Logo Questions Linux Laravel Mysql Ubuntu Git Menu
 

How to use LanguageDetector() from spacy_langdetect package?

Tags:

python

spacy

I'm trying to use the spacy_langdetect package and the only example code I can find is (https://spacy.io/universe/project/spacy-langdetect):

import spacy
from spacy_langdetect import LanguageDetector
nlp = spacy.load("en_core_web_sm")
nlp.add_pipe(LanguageDetector(), name='language_detector', last=True)
text = 'This is an english text.'
doc = nlp(text)
print(doc._.language)

It's throwing error: nlp.add_pipe now takes the string name of the registered component factory, not a callable component.

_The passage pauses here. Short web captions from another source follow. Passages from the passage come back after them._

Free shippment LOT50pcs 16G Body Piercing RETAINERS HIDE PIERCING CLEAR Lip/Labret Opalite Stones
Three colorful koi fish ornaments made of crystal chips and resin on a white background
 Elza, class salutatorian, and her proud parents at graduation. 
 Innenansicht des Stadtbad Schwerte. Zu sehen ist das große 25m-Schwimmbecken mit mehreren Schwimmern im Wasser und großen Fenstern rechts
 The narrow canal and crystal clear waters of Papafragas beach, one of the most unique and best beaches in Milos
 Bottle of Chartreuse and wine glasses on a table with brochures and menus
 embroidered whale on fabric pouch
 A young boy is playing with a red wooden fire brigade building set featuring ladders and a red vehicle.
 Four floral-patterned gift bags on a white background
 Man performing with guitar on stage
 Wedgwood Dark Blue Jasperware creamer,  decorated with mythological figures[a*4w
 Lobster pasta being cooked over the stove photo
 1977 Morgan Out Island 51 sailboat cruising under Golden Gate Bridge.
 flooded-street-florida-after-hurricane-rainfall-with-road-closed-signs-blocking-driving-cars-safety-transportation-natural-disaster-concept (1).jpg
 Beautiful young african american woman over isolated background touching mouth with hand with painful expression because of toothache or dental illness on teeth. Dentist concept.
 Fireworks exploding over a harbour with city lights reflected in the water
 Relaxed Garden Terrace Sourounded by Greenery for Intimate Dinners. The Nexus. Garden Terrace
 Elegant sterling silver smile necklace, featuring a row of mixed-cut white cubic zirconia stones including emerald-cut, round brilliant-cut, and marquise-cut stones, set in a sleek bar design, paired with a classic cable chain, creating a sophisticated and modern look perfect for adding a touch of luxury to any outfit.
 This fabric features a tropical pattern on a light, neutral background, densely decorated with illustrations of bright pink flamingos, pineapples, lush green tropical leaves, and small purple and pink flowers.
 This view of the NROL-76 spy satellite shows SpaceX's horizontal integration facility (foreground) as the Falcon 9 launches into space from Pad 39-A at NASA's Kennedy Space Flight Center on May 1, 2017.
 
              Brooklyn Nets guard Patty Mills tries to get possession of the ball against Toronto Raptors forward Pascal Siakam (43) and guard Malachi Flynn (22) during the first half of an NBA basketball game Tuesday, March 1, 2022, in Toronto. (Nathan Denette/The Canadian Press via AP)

So I tried using the below for adding to my nlp pipeline

language_detector = LanguageDetector()
nlp.add_pipe("language_detector")

But this gives error: Can't find factory for 'language_detector' for language English (en). This usually happens when spaCy calls nlp.create_pipe with a custom component name that's not registered on the current language class. If you're using a Transformer, make sure to install 'spacy-transformers'. If you're using a custom component, make sure you've added the decorator @Language.component (for function components) or @Language.factory (for class components). Available factories: attribute_ruler, tok2vec, merge_noun_chunks, merge_entities, merge_subtokens, token_splitter, parser, beam_parser, entity_linker, ner, beam_ner, entity_ruler, lemmatizer, tagger, morphologizer, senter, sentencizer, textcat, textcat_multilabel, en.lemmatizer

I don't fully understand how to add it since it's not really a custom component.

like image 883
user3242036 Avatar asked Mar 19 '21 17:03

user3242036


People also ask

How do you install spaCy transformers?

🚀 InstallationInstalling the package from pip will automatically install all dependencies, including PyTorch and spaCy. Make sure you install this package before you install the models. Also note that this package requires Python 3.6+, PyTorch v1. 5+ and spaCy v3.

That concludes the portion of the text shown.